Inside Allianz Stadium’s Kitchen and How Sustainable Food Can Elevate Every Event

If you walk into the kitchens of Allianz Stadium on any given day, you'll find something that feels both meticulous and quietly revolutionary. While most guests, and some event organisers, might not see the choreography behind the dishes on their plates, Executive Head Chef, Shaun Lawson and the Allianz Stadium culinary team are working to a philosophy that goes far beyond taste alone.

"We've never been interested in smoke and mirrors," Chef Shaun Lawson explains. "Everything we do has to be genuinely good for the planet and for the people eating it. We want the food to be the star, but we also want to know we've done right by the farmers, the suppliers, and the environment along the way."

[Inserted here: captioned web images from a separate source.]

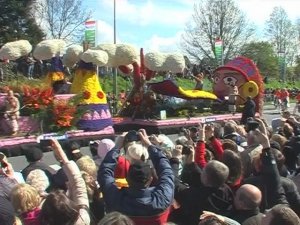 Bloemencorso-парад цветов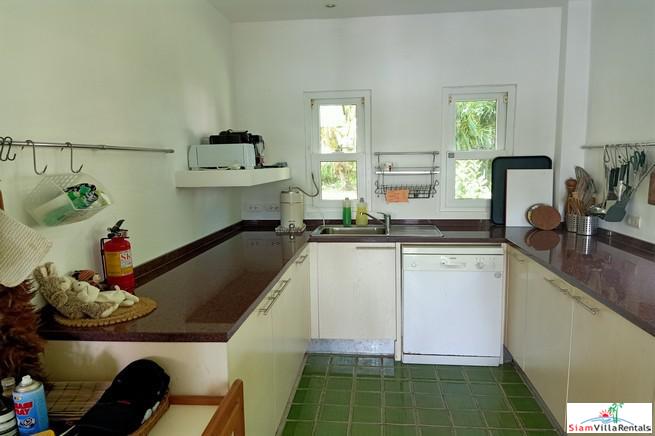Unique Large Four Bedroom Sea View House with Private Swimming Pool for Sale in Ao Makham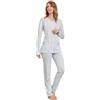 SNELLY Pigiama Donna Cotone Estivo, CL628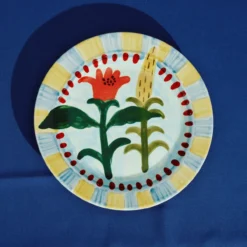 Servies dinerbord mix Jane January - set van 2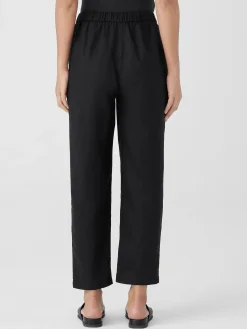 Organic Linen Tapered Pant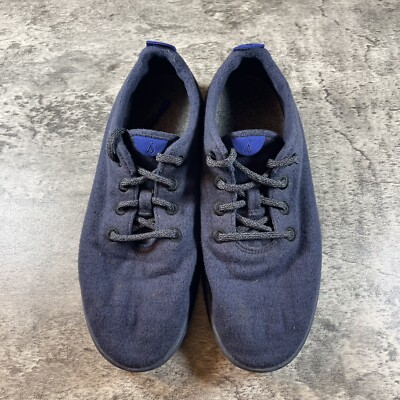 AllBirds & Outdoor Voices Wool Runners Mens 10 Navy Blue  display picture 1
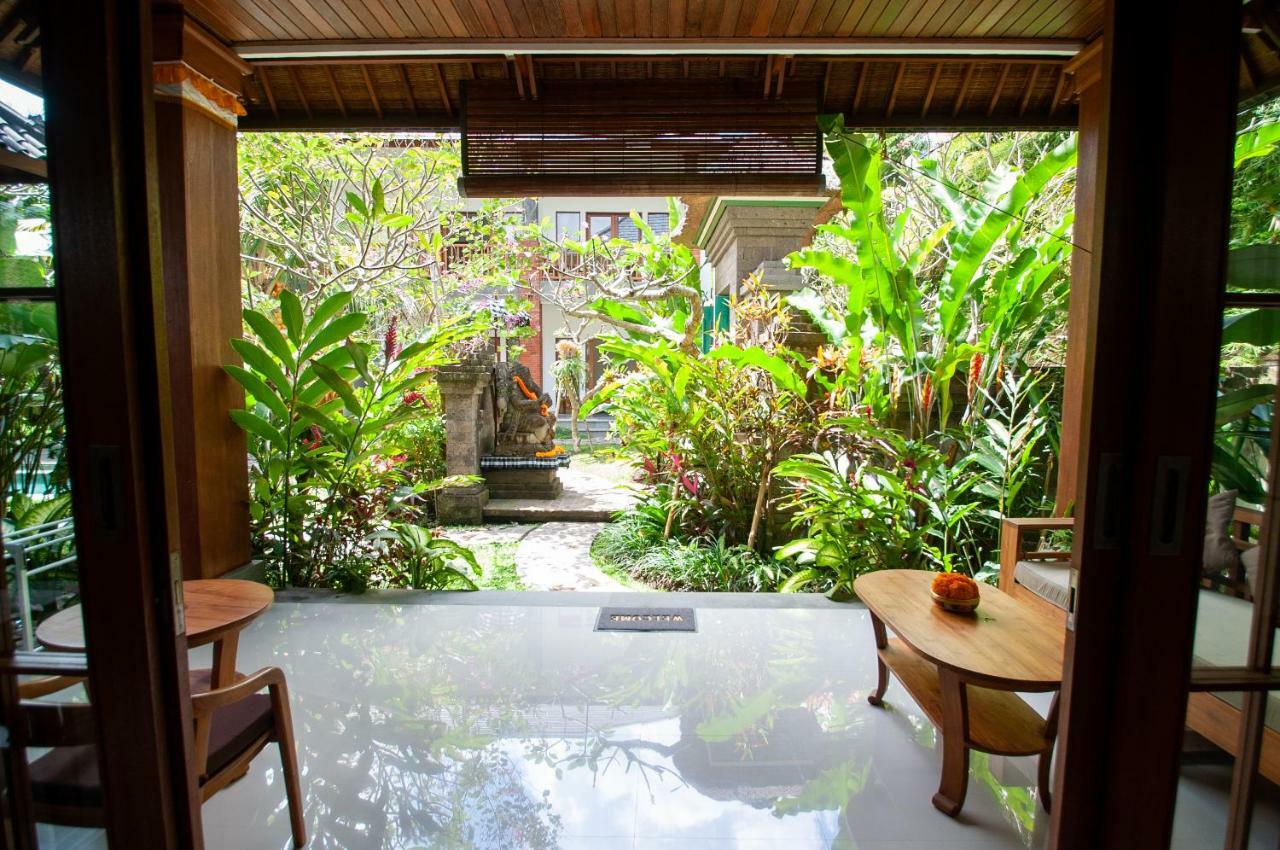 Flamboyant Villa Ubud Екстер'єр фото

A Circular Kitchen, Defined by Practice Not Theory

This commitment forms the backbone of the stadium's circular kitchen approach: a system designed to minimise waste, maximise flavour and provenance, and embed sustainability not as an add-on, but as the everyday foundation of how food is created.

Circularity can often sound abstract, but Chef Lawson describes it in practical, lived terms.

"For me, it's nose-to-tail and root-to-shoot, actually doing it, not just talking about it," he says. "It's making sure we're using every part of what comes in, and when we can't, having open conversations with our suppliers so nothing is wasted unnecessarily."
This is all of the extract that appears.